== How to complete this task ==
Retype the material that follows exactly, limited to the lines from the one with "47 Farmbrook Drive" through the one with "Modern bathroom with", and keep out all pictures.

== Given data ==
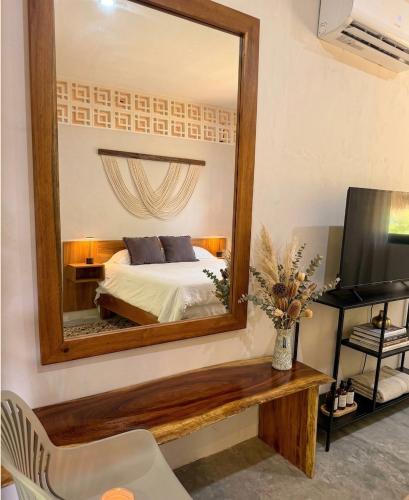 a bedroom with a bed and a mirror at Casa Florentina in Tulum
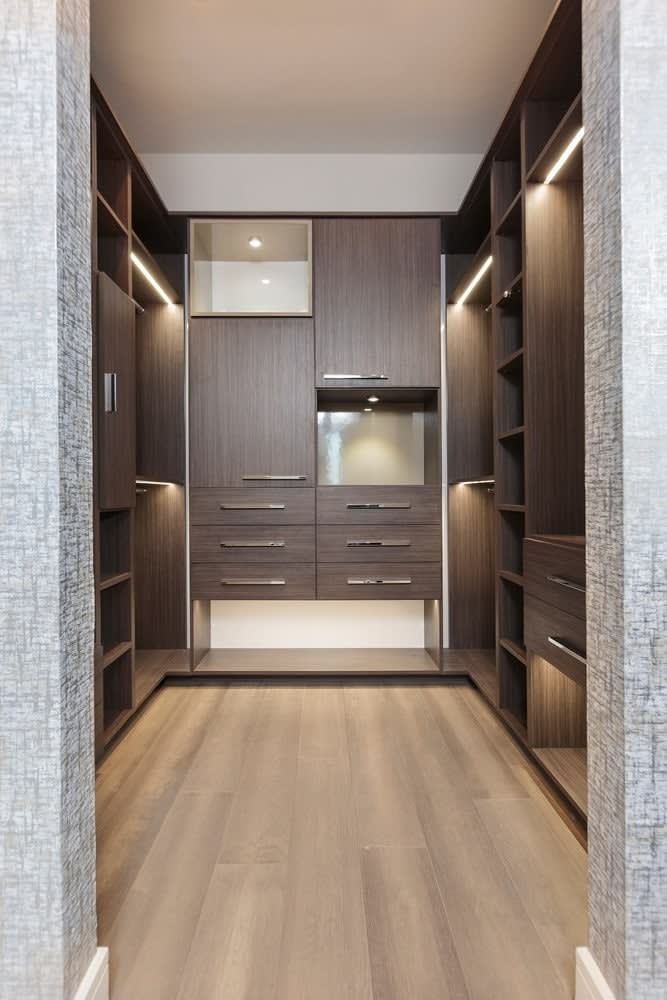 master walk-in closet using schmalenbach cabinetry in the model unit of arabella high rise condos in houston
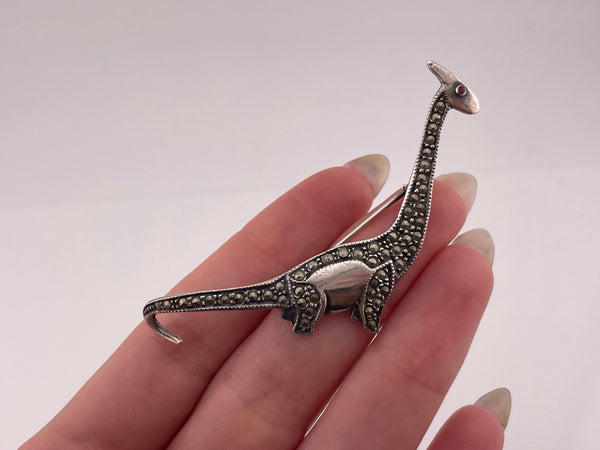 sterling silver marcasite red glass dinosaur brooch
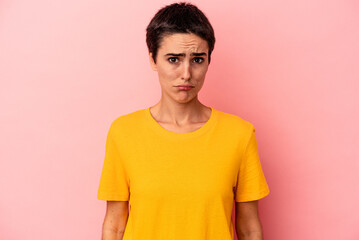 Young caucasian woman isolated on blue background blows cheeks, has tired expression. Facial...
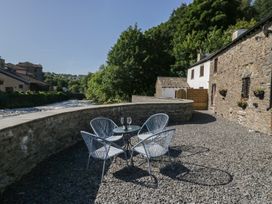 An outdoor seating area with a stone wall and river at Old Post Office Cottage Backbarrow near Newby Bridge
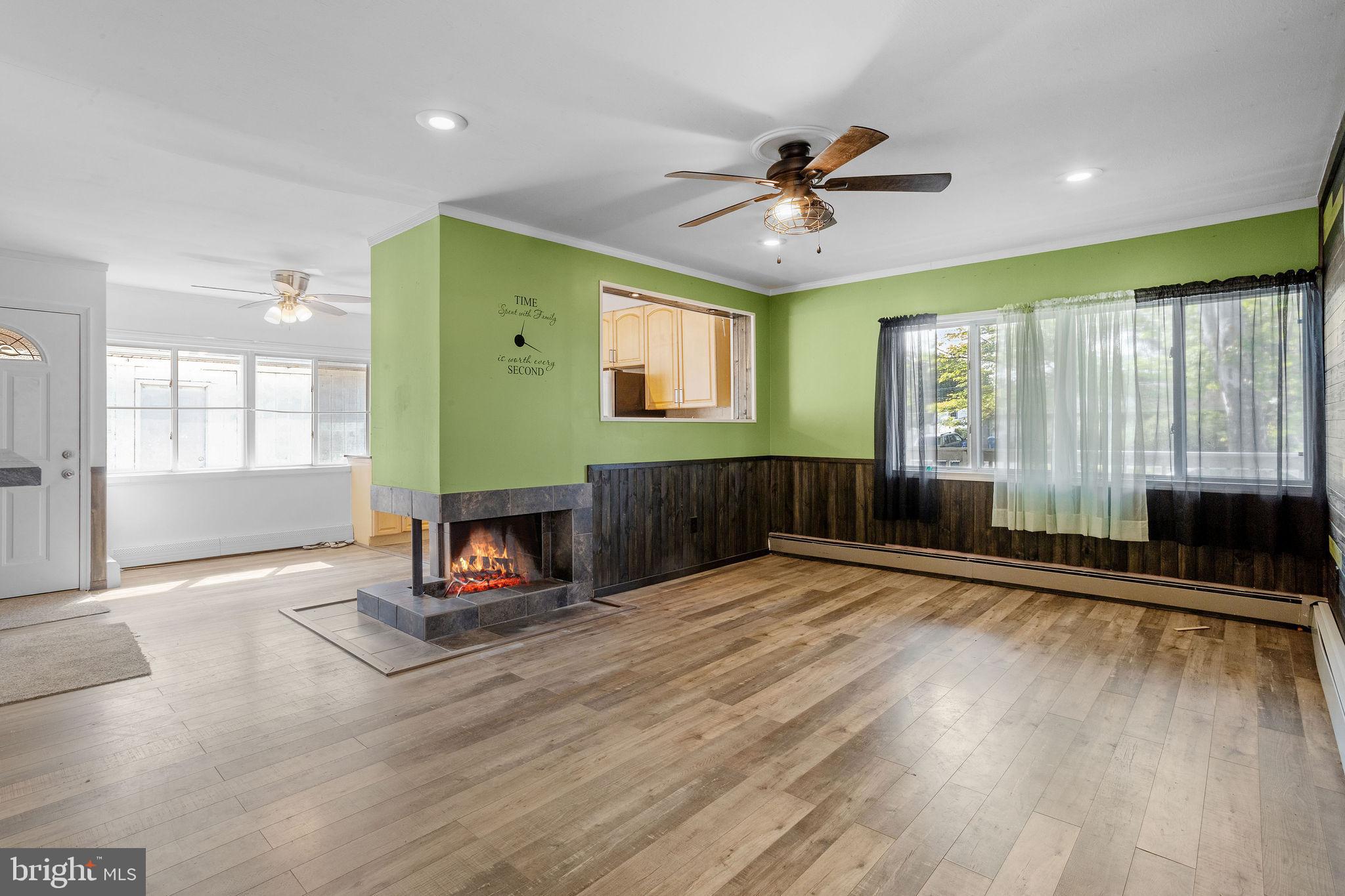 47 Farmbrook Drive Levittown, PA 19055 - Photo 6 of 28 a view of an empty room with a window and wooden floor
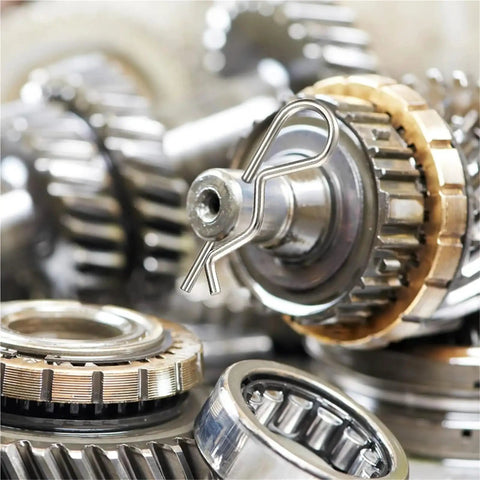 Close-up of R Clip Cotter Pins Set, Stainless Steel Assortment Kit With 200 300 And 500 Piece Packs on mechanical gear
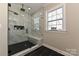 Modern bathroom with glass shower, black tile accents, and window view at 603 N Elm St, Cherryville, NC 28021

...

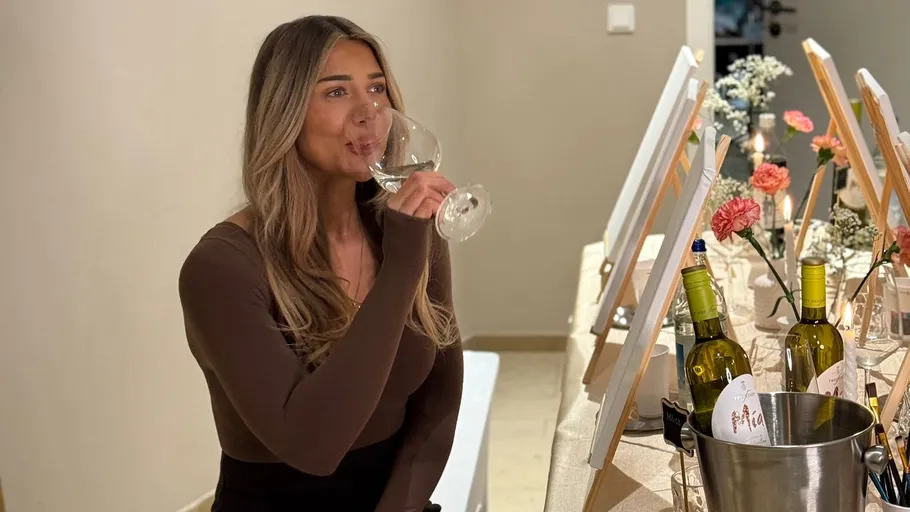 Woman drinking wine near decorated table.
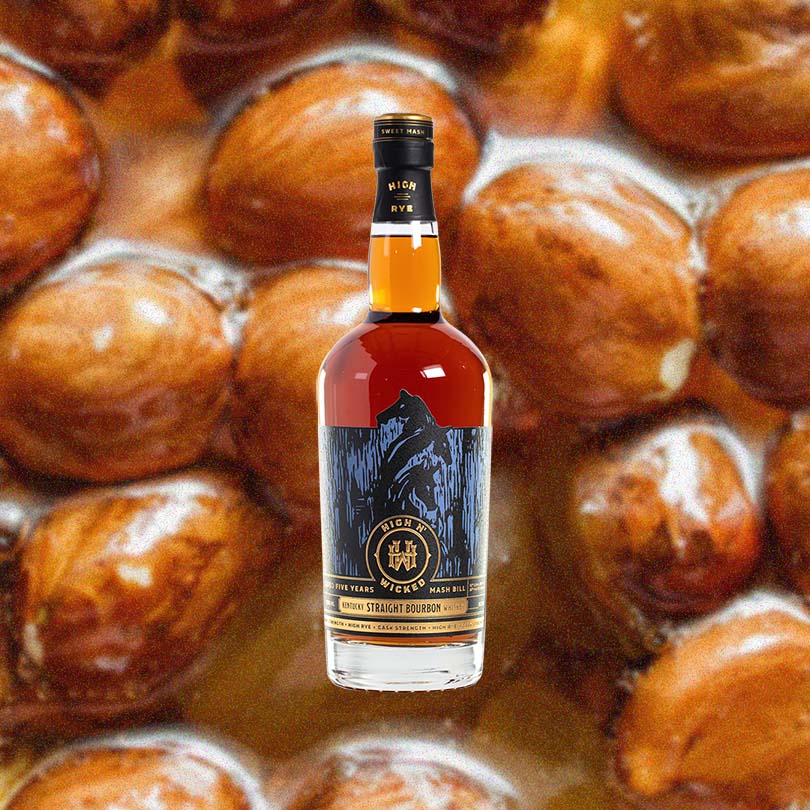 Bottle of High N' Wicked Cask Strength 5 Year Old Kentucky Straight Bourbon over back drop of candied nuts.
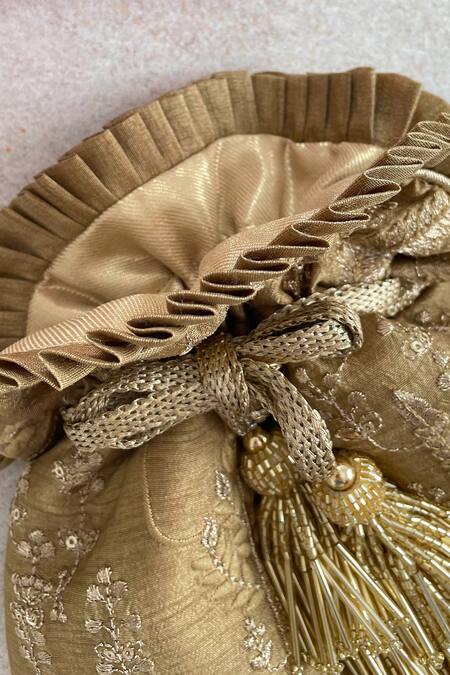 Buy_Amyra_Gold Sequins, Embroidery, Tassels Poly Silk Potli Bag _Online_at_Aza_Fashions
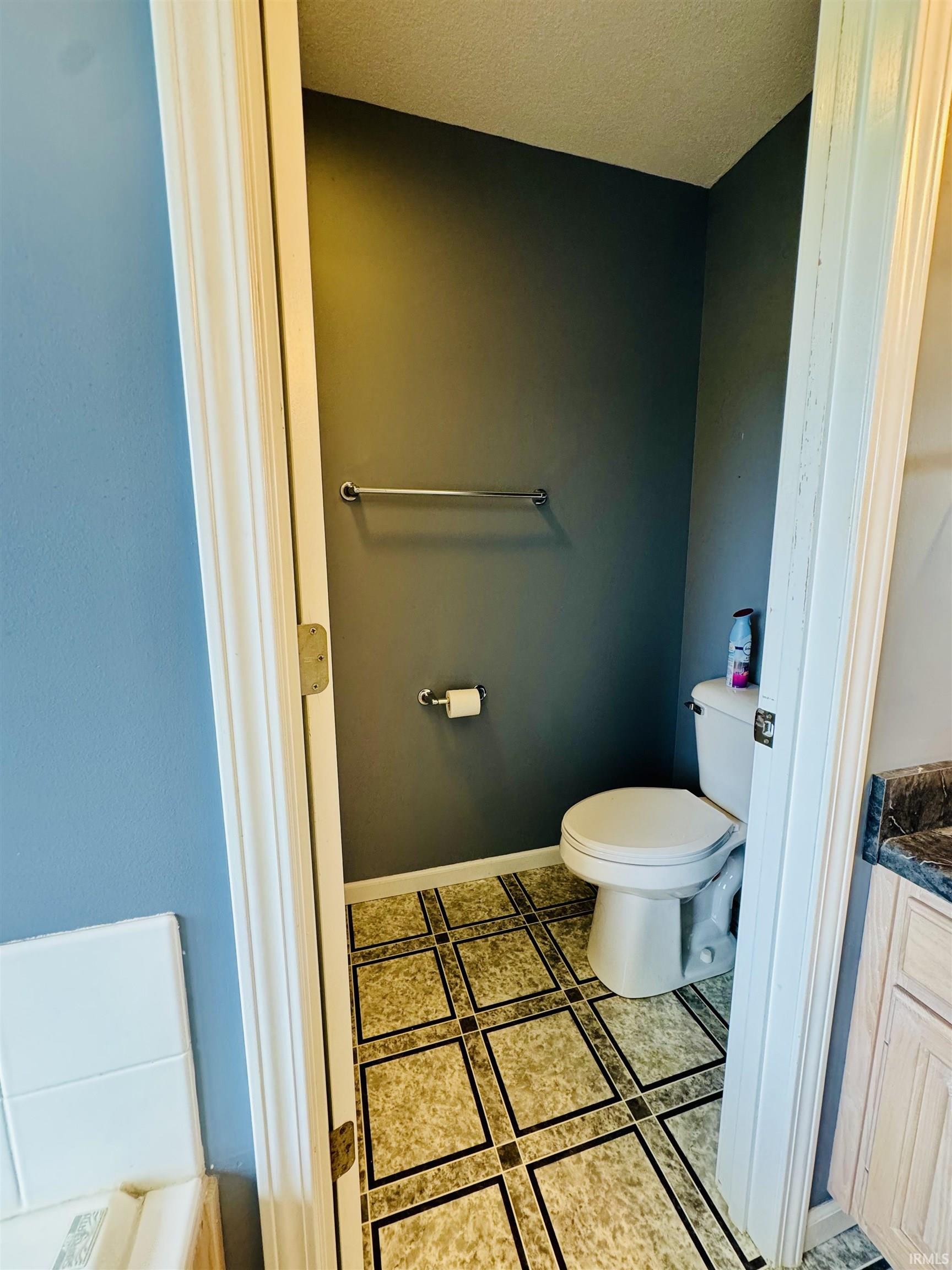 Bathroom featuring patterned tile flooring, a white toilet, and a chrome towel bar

== Answer to the exercise ==
 47 Farmbrook Drive Levittown, PA 19055 - Photo 6 of 28 a view of an empty room with a window and wooden floor
 Close-up of R Clip Cotter Pins Set, Stainless Steel Assortment Kit With 200 300 And 500 Piece Packs on mechanical gear
 Modern bathroom with glass shower, black tile accents, and window view at 603 N Elm St, Cherryville, NC 28021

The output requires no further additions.